Depuis les attentats de janvier 2015, l’Education nationale dit faire de la « transmission des valeurs de la République » à l’école un enjeu fort. Ce terme de « transmission » pose question. Est-il possible de fabriquer de la citoyenneté par simple contagion ? Ces valeurs s’inoculent-elles par le simple discours ? Les adolescents sont particulièrement sensibles aux injustices, au décalage entre les paroles et les actes. Plutôt que de discourir sur les valeurs, nous pensons au contraire que seule la pratique permet de les construire. Cela commence dans l’ordinaire de la classe par l’écoute et le respect réciproque, en associant autant que faire se peut les élèves aux petites prises de décisions qui font le quotidien de la classe, en préférant les situations pédagogiques favorisant la prise d’initiative et la coopération entre les élèves. Or les directives officielles ne vont pas dans ce sens, mettant en exergue l’individualisation et la différenciation des apprentissages au détriment du collectif. A la rentrée 2015, l’Enseignement moral et civique a remplacé l’éducation civique au collège et l’éducation civique, juridique et sociale (ECJS) au lycée. Un « parcours citoyen » apparaît en septembre 2016. La démocratie lycéenne a été revisitée pour donner davantage d’ampleur aux élus du Conseil de la vie lycéenne, un Conseil de la vie collégienne est annoncé pour les mois qui viennent. Bien que présentées comme des nouveautés, ces mesures étaient dans l’air du temps, partant du constat que les élèves ne participaient pas assez à la vie des établissements, et que les différentes formes d’engagement dont ils font preuve à l’école ou ailleurs devraient être plus reconnues et valorisées dans leur cursus. Mais ces mesures apparaissent cosmétiques, plaquées sur des réalités qu’elles ne suffiront pas à faire évoluer.

“ Dans ce contexte de violence institutionnelle durable… les marges de manœuvre sont minces et parler de démocratie relève du paradoxe. ”

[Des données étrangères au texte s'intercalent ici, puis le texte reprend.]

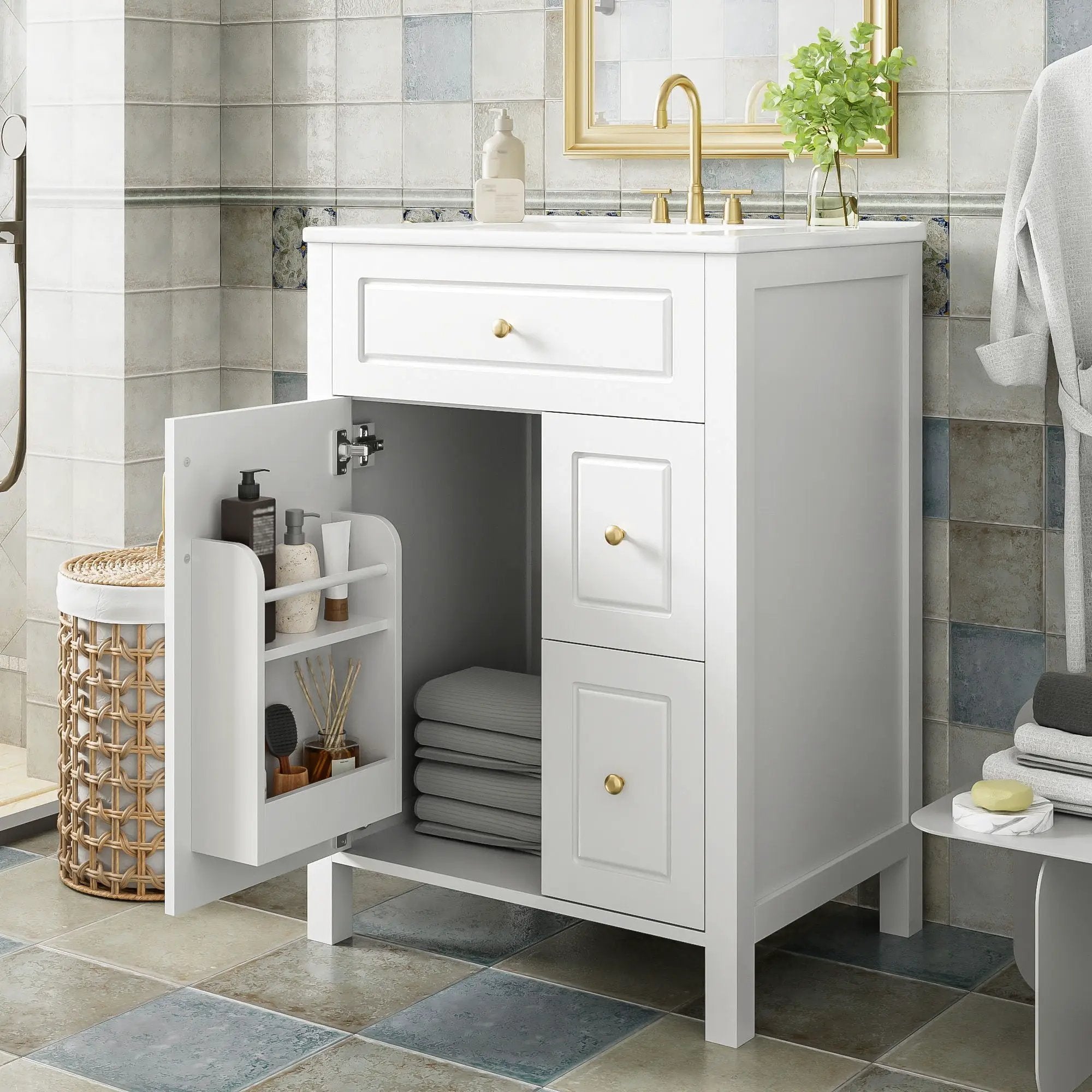 Elegant Bathroom Vanity With Ceramic Sink, Soft Close Doors And Drawers, Double Storage Racks by Unique Piece Furniture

Alors qu’il faudrait inciter les élèves à expérimenter la démocratie, jamais les personnels n’ont été soumis à autant d’injonctions et n’ont autant vécu de perte de pouvoir d’agir. La réforme du collège imposée contre l’avis des personnels, celle du redoublement et des procédures d’orientation des élèves mise en place brutalement sans réflexion sur ses conséquences en termes de réussite des élèves, en sont les dernières manifestations. Ces dernières années ont vu la mise en place d’un nombre important de réunions institutionnelles visant à forcer le travail collectif, et qui ont pour le moment plutôt l’effet inverse. Des initiatives de travail en commun entre écoles et collèges, par exemple, n’ont pas résisté à des conseils de cycles 3 (CM1-CM2-Sixième) et école-collège pilotés de manière autoritaire par les inspections et les directions d’établissement. Dans ce contexte de violence institutionnelle durable, plus ou moins relayée par les directions d’établissement, les marges de manœuvre sont minces et parler de démocratie relève du paradoxe. A l’inflation de lieux de réunions formatées animées par la hiérarchie, le SNES-FSU oppose le collectif de travail[1]« Reprendre la main sur le métier : un enjeu majeur pour les professionnels de l’enseignement du secondaire et une préoccupation syndicale », Alice Cardoso / Catherine Remermier, Carnets Rouges n°7, juin 2016 et la liberté pédagogique[2]« Dialectique de la liberté pédagogique et de l’intérêt général », Paul Devin, Carnets Rouges n°7, juin 2016.

Démocratiser l’accès des élèves aux diplômes, les entraîner dans les collèges et les lycées à la démocratie, deux versants d’un projet éducatif qui semble aller de soi, mais qui demande pour se déployer davantage de respect pour les professionnels de l’éducation et pour les élèves que n’en montrent les réformes menées depuis quinze ans.